Princeton University Energy Study

Market: Commercial - Education
Type: University
Location: Princeton, NJ
Developer/Owner: Princeton University
Project Services: Energy Auditing; Energy Modeling
Incentive Programs: NJ Smart Start, PSE&G Direct Install
Building Size: 288,132 sf; 3 buildings
Primary Energy Conservation Measures: Air handling unit rezoning; Demand control ventilation-bioclimatic reduction; lighting upgrades

Project Background and Services:

In its third phase of an aggressive campus-wide energy reduction plan, Princeton University targeted approximately twenty of its campus buildings. The first two phases incorporated ASHRAE Level I and Level II energy audits, respectively, and the third was a Level III energy audit, including design and implementation. Steven Winter Associates, Inc. (SWA) was contracted to perform and develop the ASHRAE Level II energy audit reports and perform schematic design document development for three campus buildings totaling 288,132 sf. The three buildings included were the Lewis Center for the Arts, the New South Building, and McCormick Hall & Art Museum. These three facilities house a diverse array of space types which include: offices, a performing arts theatre, the Lucas Art Gallery, classrooms, studios, an art museum, libraries, dance studios, an auditorium and a data center.

Energy Conservation Measures:

The comprehensive energy analysis of the buildings led our team to recommend several energy conservation measures (ECMs) to reduce overall campus energy use.

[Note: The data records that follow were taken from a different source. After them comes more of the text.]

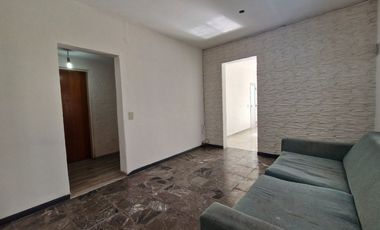 casa en alquiler 3 ambientes con parque en Lanus O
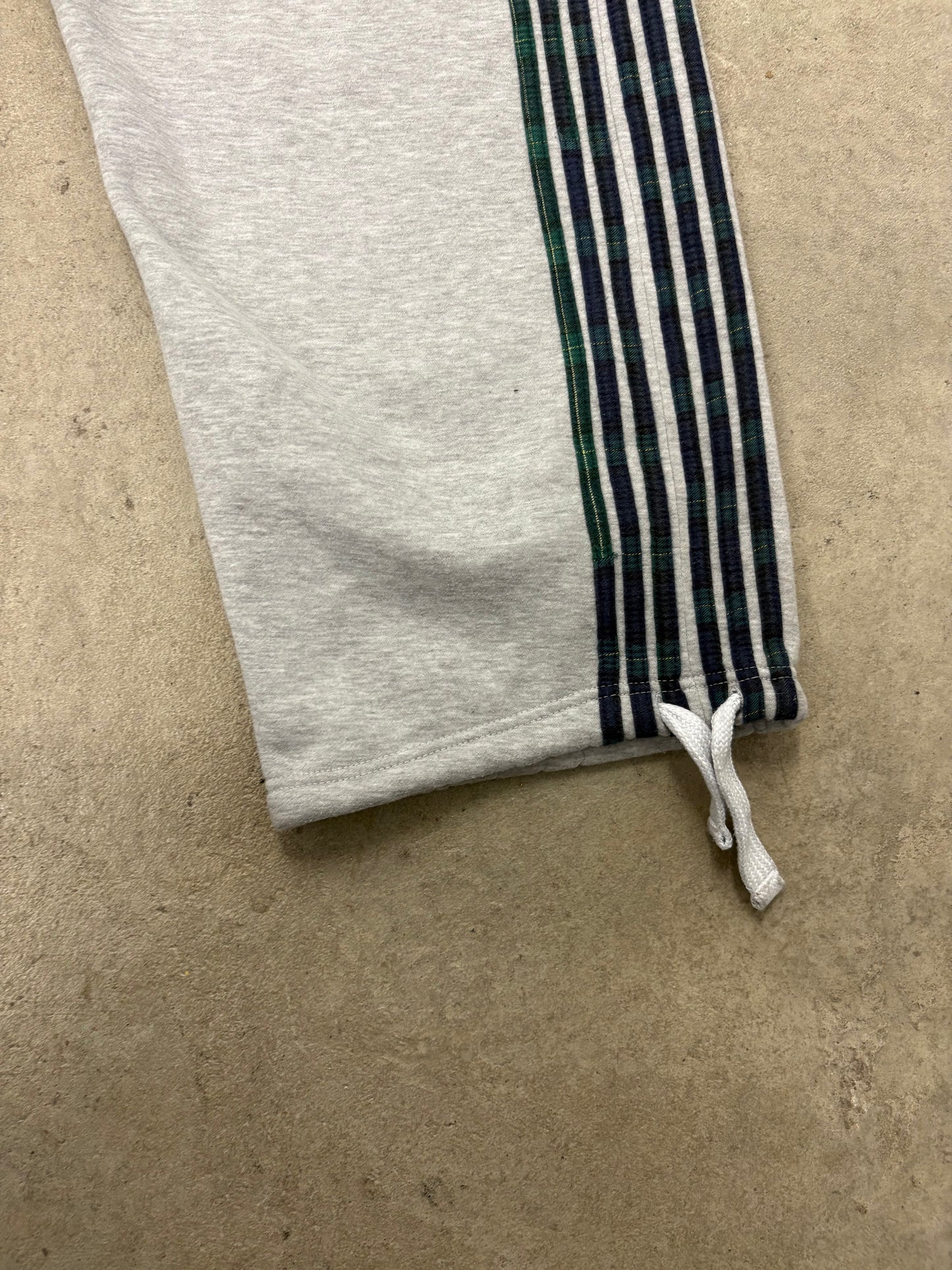 PINE GREEN PLAID SWEATPANTS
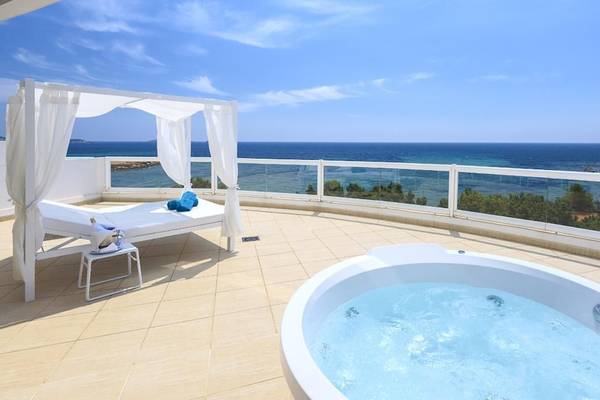 Balkon des Tropic Garden Hotel Apartments mit Jacuzzi und Meerblick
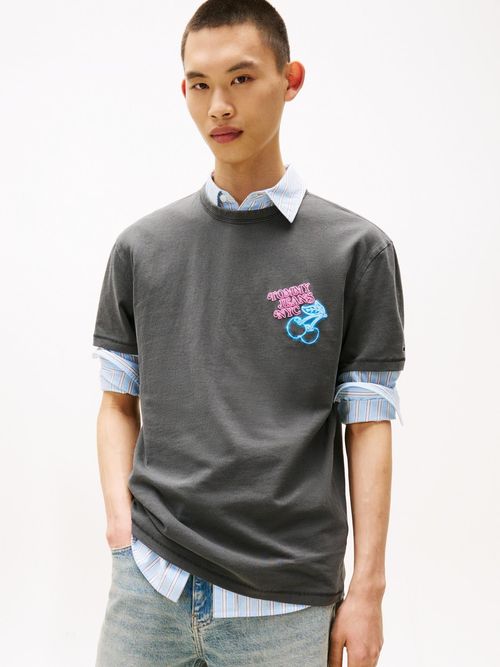 Camiseta-de-cuello-redondo-con-estampado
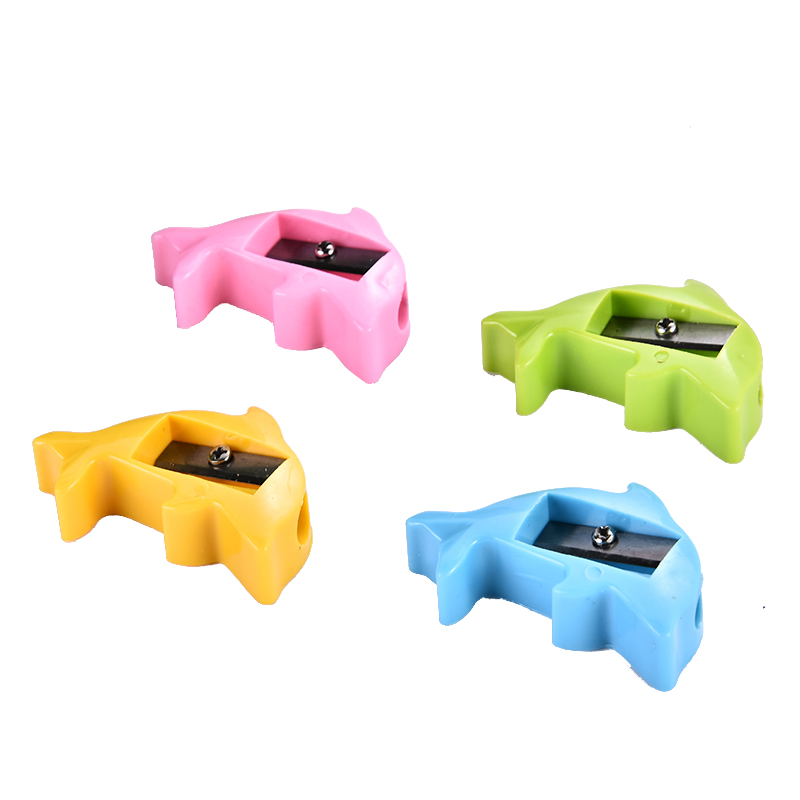 Hot selling plastic pencil sharpener environmental protection cartoon color student animal pencil sharpener 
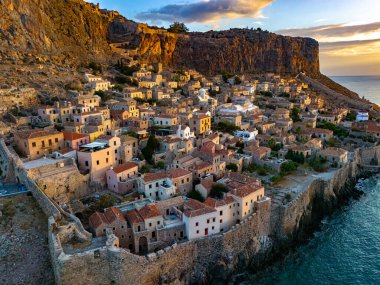 Yunanistan 'ın Laconia kentindeki Monemvasia kentinin havadan görünüşü.
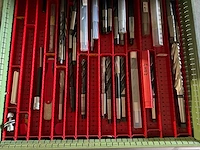 Hagro ladenkast met machinegereedschappen - afbeelding 10 van  10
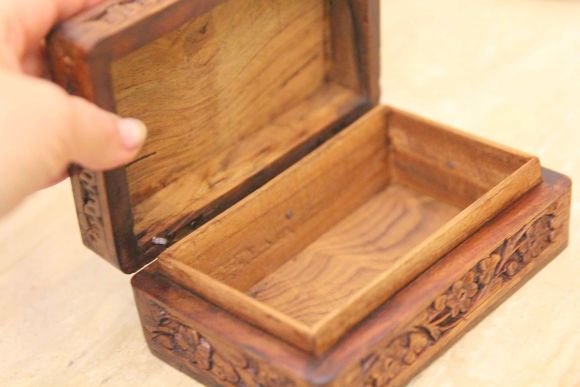 Винтажная резная шкатулка. Ручная работа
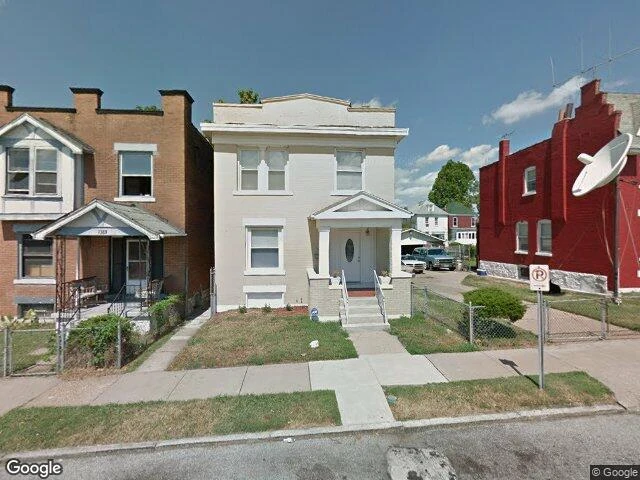 House image located at Saint Louis, MO 63112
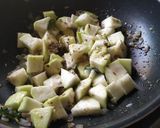 A picture of step 7 of Sabzi Lauki Dahiwali.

Because lighting is one of the largest energy end-uses in a building and typically accounts for nearly 40% of a building’s annual electricity consumption, the chief recommendation was a high-efficiency lighting system replacement, specifically replacing the existing incandescent lamps with compact fluorescent lamps, resulting in a projected cost savings of $2,751 annually.

We also recommended switching to demand control ventilation, which controls outside air ventilation rates based on the amount of carbon dioxide (CO2) detected in a space or zone. This measure alone accounts for an annual savings of $5,243. The savings for this opportunity is based on the reduction of outside air infiltration to the occupied space, and the resulting conditioning (cooling or heating) of this outside air. With the reduction of ouside air infiltration, the heating and cooling load (season dependent) on the associated AC-unit will decrease, resulting in a direct energy reduction. The total annual project cost savings estimated from all of the measures that were implemented is $22,803 annually.